Progress on mystery SoC in the kid cam (that's actually what the firmware calls it): The trace that had the non-cached reads was actually super-informative. It looks like the instruction size is indeed 4 bytes, so the SoC reads the instructions (and presumably data) straight from the SPI memory. That means my LA trace effectively documents the program flow until the cache is turned on! This is super-helpful as although the firmware has strings and stuff, I don't know what address the flash contents live at in the CPU so I can't find the instructions that refer to it,
However, with the trace I can find call and jump instructions, because the address that the CPU reads suddenly changes. They have one thing in common: one instruction before the last instruction (presumably because of pipelining), the MSB of the instruction is 6 or 7 and the rest is the relative address to call. I could also find the return instruction, as after that execution continued to the address after a call. Conditional jump instructions were also formatted like that, so I also found those. It's enough to create a very barebones Ghidra processor implementation that can show me bits of control flow at least.

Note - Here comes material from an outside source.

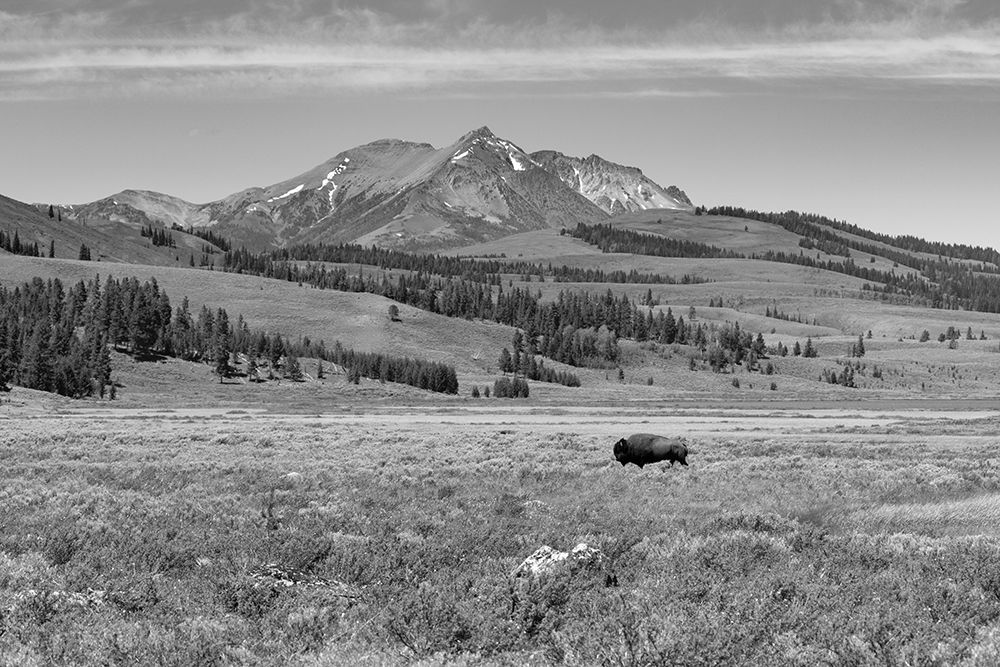 Bull Bison at Swan Lake, Yellowstone National Park art print by Jacob W. Frank for $57.95 CAD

Issue is that there just isn't that much code to be executed before the cache turns on. But I now know what subroutine turns on the cache, and I know how calls work... so I can re-write the flash with that subroutine call nerfed. As far as I can tell, there's no checksum or CRC over the XiP program (I don't see any reads anywhere before the CPU actually executes the code), so it should work.
So I flipped a few bytes, reprogrammed the flash... and now I have a huuuuuge trace file to sift through. (One of the reasons is that with the cache disabled, the camera takes about 5 seconds to start vs nearly instantaneous, so time-wise the LA dump is pretty long to start with.) Can share it if anyone still feels like looking along with me.